[Exercise brief] Could you repeat all of the entries exactly, leaving out any pictures?

Data entries:
- Opening Delimiter -
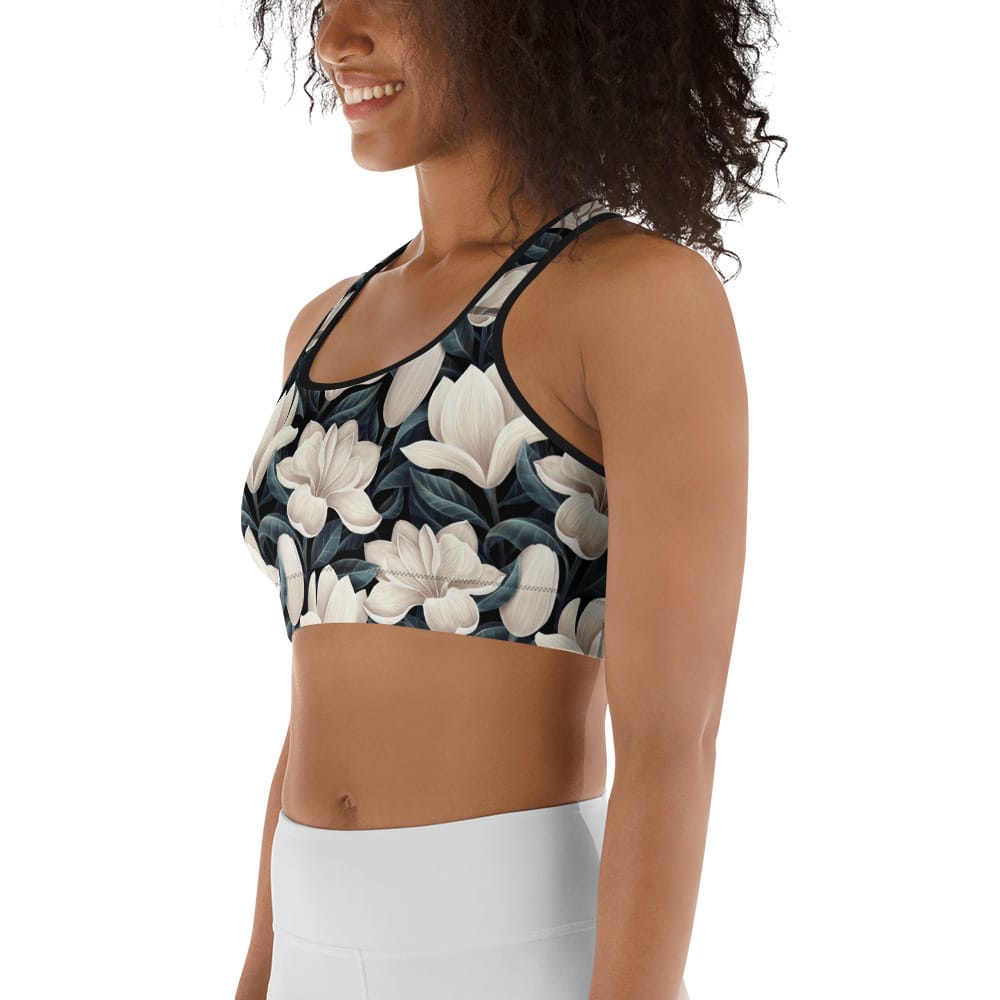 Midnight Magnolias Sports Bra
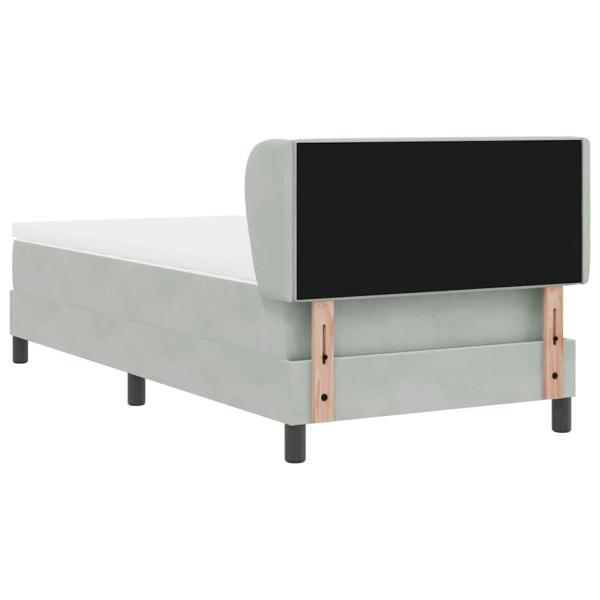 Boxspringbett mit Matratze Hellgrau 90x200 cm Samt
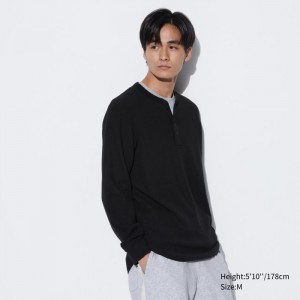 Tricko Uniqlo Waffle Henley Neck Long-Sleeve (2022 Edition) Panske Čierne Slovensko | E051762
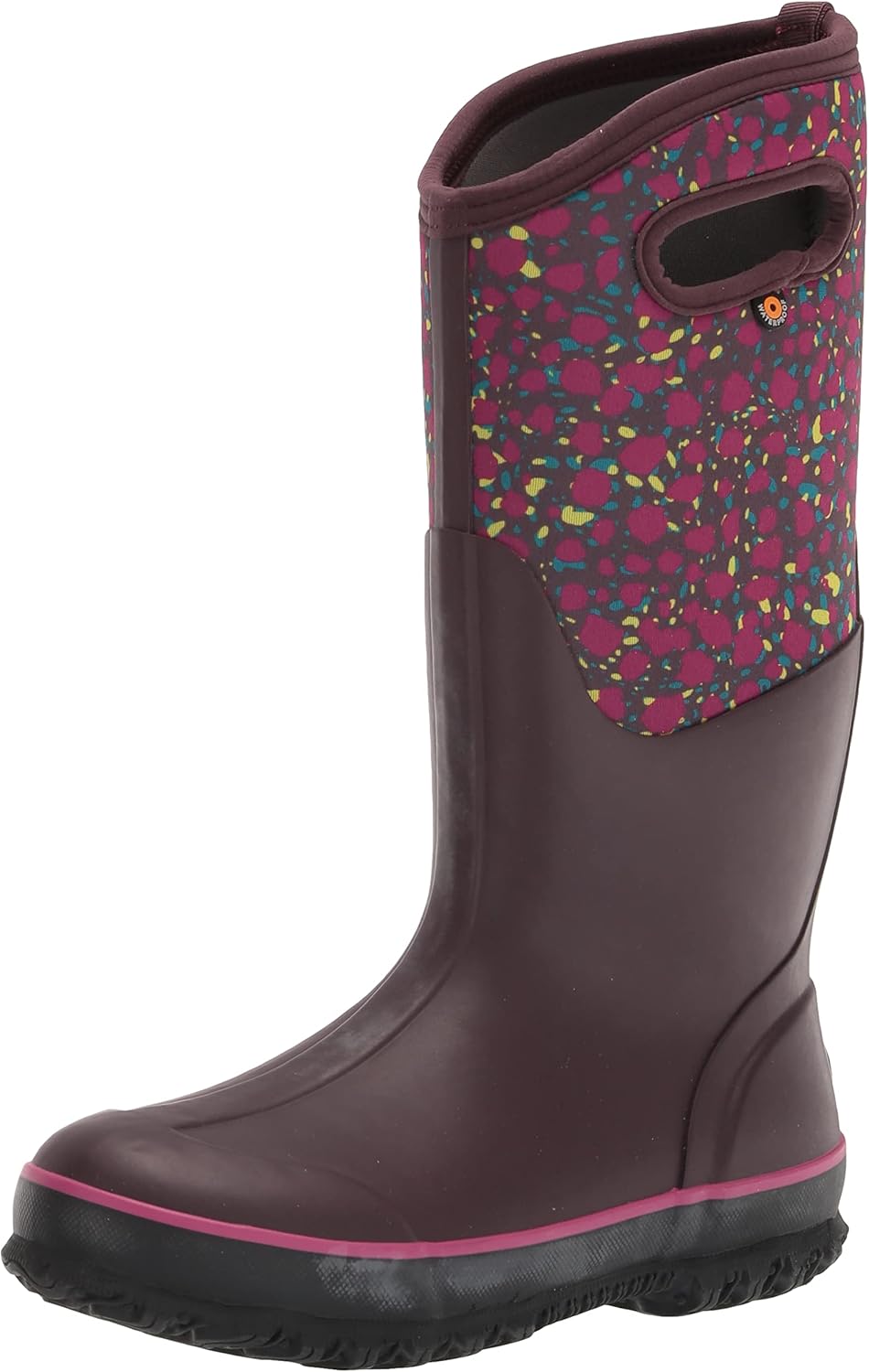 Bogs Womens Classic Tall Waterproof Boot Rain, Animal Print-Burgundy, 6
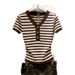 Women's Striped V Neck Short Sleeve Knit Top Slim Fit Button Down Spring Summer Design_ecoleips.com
- Closing Delimiter -
[Answer section]
 Midnight Magnolias Sports Bra
 Boxspringbett mit Matratze Hellgrau 90x200 cm Samt
 Tricko Uniqlo Waffle Henley Neck Long-Sleeve (2022 Edition) Panske Čierne Slovensko | E051762
 Bogs Womens Classic Tall Waterproof Boot Rain, Animal Print-Burgundy, 6
 Women's Striped V Neck Short Sleeve Knit Top Slim Fit Button Down Spring Summer Design_ecoleips.com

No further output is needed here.